12 “This is my commandment, that you love one another as I have loved you. 13 No one has greater love than this, to lay down one’s life for one’s friends. 14 You are my friends if you do what I command you. 15 I do not call you servants any longer, because the servant does not know what the master is doing, but I have called you friends, because I have made known to you everything that I have heard from my Father. 16 You did not choose me, but I chose you. And I appointed you to go and bear fruit, fruit that will last, so that the Father will give you whatever you ask him in my name. 17 I am giving you these commands so that you may love one another.

John 21:15-19

Jesus and Peter

15 When they had finished breakfast, Jesus said to Simon Peter, “Simon son of John, do you love me more than these?” He said to him, “Yes, Lord; you know that I love you.” Jesus said to him, “Feed my lambs.” 16 A second time he said to him, “Simon son of John, do you love me?” He said to him, “Yes, Lord; you know that I love you.” Jesus said to him, “Tend my sheep.” 17 He said to him the third time, “Simon son of John, do you love me?” Peter felt hurt because he said to him the third time, “Do you love me?” And he said to him, “Lord, you know everything; you know that I love you.” Jesus said to him, “Feed my sheep. 18 Very truly, I tell you, when you were younger, you used to fasten your own belt and to go wherever you wished. But when you grow old, you will stretch out your hands, and someone else will fasten a belt around you and take you where you do not wish to go.” 19 (He said this to indicate the kind of death by which he would glorify God.) After this he said to him, “Follow me.”

Luke 11:33-36

The Light of the Body

33 “No one after lighting a lamp puts it in a cellar or under a bushel basket; rather, one puts it on the lampstand so that those who enter may see the light. 34 Your eye is the lamp of your body.
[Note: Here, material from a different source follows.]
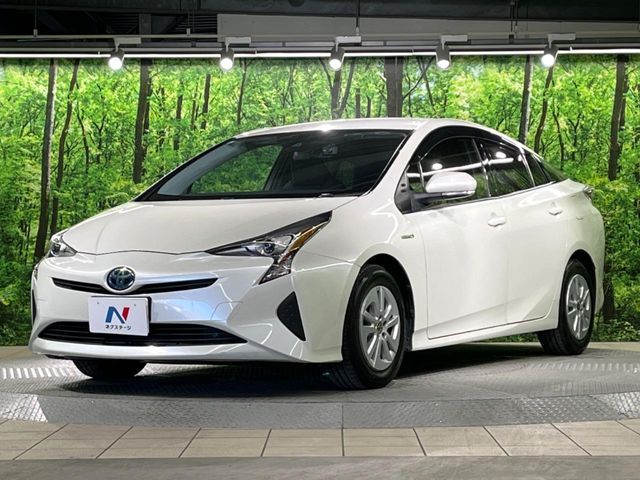TOYOTA PRIUS 2017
If your eye is healthy, your whole body is full of light, but if it is unhealthy, your body is full of darkness. 35 Therefore consider whether the light in you is not darkness. 36 But if your whole body is full of light, with no part of it in darkness, it will be as full of light as when a lamp gives you light with its rays.”

Matthew 8:1-4

Jesus Cleanses a Man

8 When Jesus had come down from the mountain, great crowds followed him, and there was a man with a skin disease who came to him and knelt before him, saying, “Lord, if you are willing, you can make me clean.” He stretched out his hand and touched him, saying, “I am willing. Be made clean!” Immediately his skin disease was cleansed. Then Jesus said to him, “See that you say nothing to anyone, but go, show yourself to the priest, and offer the gift that Moses commanded, as a testimony to them.”